As an initial matter, the defendant’s motion provides a skewed portrayal of the purported Brady evidence at issue by cherry-picking excerpts from the substantial discovery the Government has already provided to the defense. The defendant, for example, alleges that FBI General Counsel James Baker “contradict[ed] the Special Counsel’s allegation that Mr. Sussmann affirmatively [said] he was not meeting with him on behalf of any clients” in (i) a 2019 interview with the U.S. Department of Justice’s Office of Inspector General, and (ii) a 2020 interview with the Special Counsel team. (Mot. at 3). But as the defendant is aware from discovery, both of those interviews occurred years after the events in question, and Mr. Baker made these statements before he had the opportunity to refresh his recollection with contemporaneous or near-contemporaneous notes that have been provided to the defense in discovery. Indeed, the defendant’s motion entirely ignores law enforcement reports of Mr. Baker’s subsequent three interviews with the Special Counsel’s Office in which he affirmed and then re-affirmed his now-clear recollection of the defendant’s false statement.
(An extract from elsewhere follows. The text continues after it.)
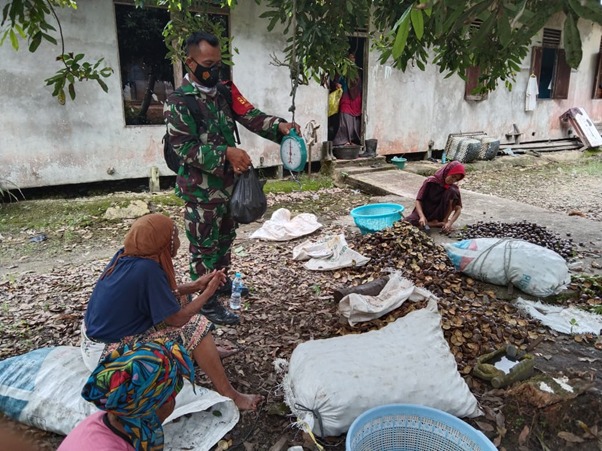 Perkokoh Kemanunggalan TNI-Rakyat, Sertu Asiani Datangi Warga di Lokasi TMMD Ke-111 Kodim 1207/Pontianak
Durham is actually soft-pedaling the extent of the problem. He’s saying that Baker’s memory in two separate appearances in 2018 (two years after the meeting), an appearance in 2019 (three years after the meeting), and the first meeting with Durham in 2020 (almost four years after the meeting) is less reliable than four later interviews, conducted under threat of prosecution, with Durham’s team.
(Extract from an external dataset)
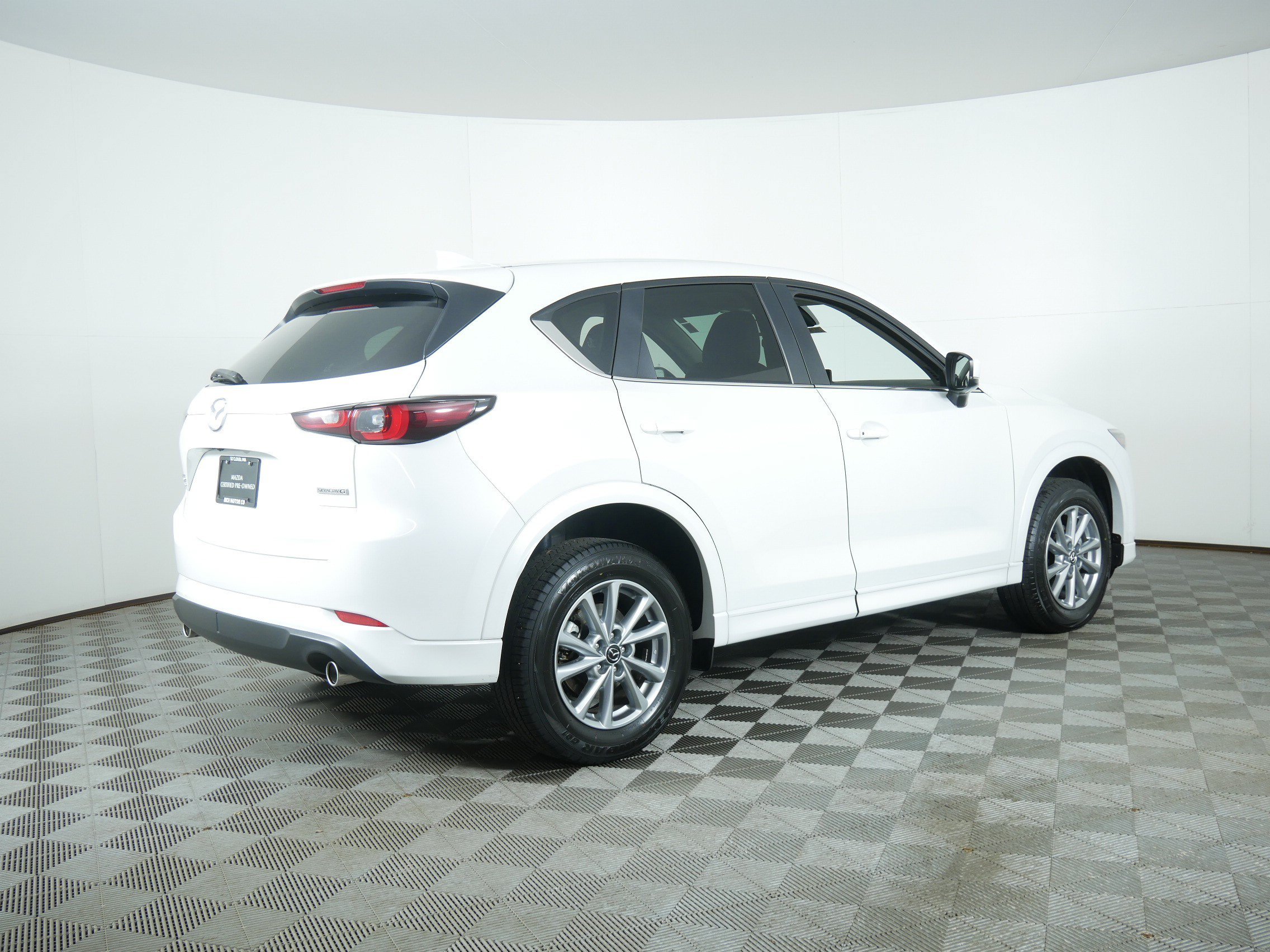 Certified Used 2024 Rhodium White Metallic Mazda 2.5 S Preferred Package image 7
Whatever: According to Durham — at least when it comes to key witnesses whose testimony you need to say a certain thing to fit your conspiracy theory — refreshed memory is better than memory closer to the events.

But here’s what Durham says — when trying to correct an earlier incorrect statement — about his own memory:

Paragraph 10(a)(ii) states: “[I]n early January 2022, the Special Counsel’s Office learned for the first time that the OIG currently possesses two FBI cellphones of the former FBI General Counsel to whom the defendant made his alleged false statement, along with forensic reports analyzing those cellphones.” Id. The Government wishes to provide some additional context for this statement.

After reviewing the Special Counsel’s Office’s public filing, the DOJ Office of Inspector General (“OIG”) brought to our attention based on a review of its own records that, approximately four years ago, on February 9, 2018, in connection with another criminal investigation being led by then-Acting U.S. Attorney Durham, an OIG Special Agent who was providing some support to that investigation informed an Assistant United Attorney working with Mr. Durham that the OIG had requested custody of a number of FBI cellphones. OIG records reflect that among the phones requested was one of the two aforementioned cellphones of the thenFBI General Counsel. OIG records further reflect that on February 12, 2018, the OIG Special Agent had a conference call with members of the investigative team, including Mr. Durham, during which the cellphones likely were discussed. OIG records also reflect that the OIG subsequently obtained the then-FBI General Counsel’s cellphone on or about February 15, 2018. Special Counsel Durham has no current recollection of that conference call, nor does Special Counsel Durham currently recall knowing about the OIG’s possession of the former FBI General Counsel’s cellphones before January 2022. [my emphasis]

For witnesses under threat of prosecution, Durham says, refreshed memory is better than the original.

For Special Counsels caught in a false statement, however, that kind of refreshment is useless for reminding someone of inconvenient facts.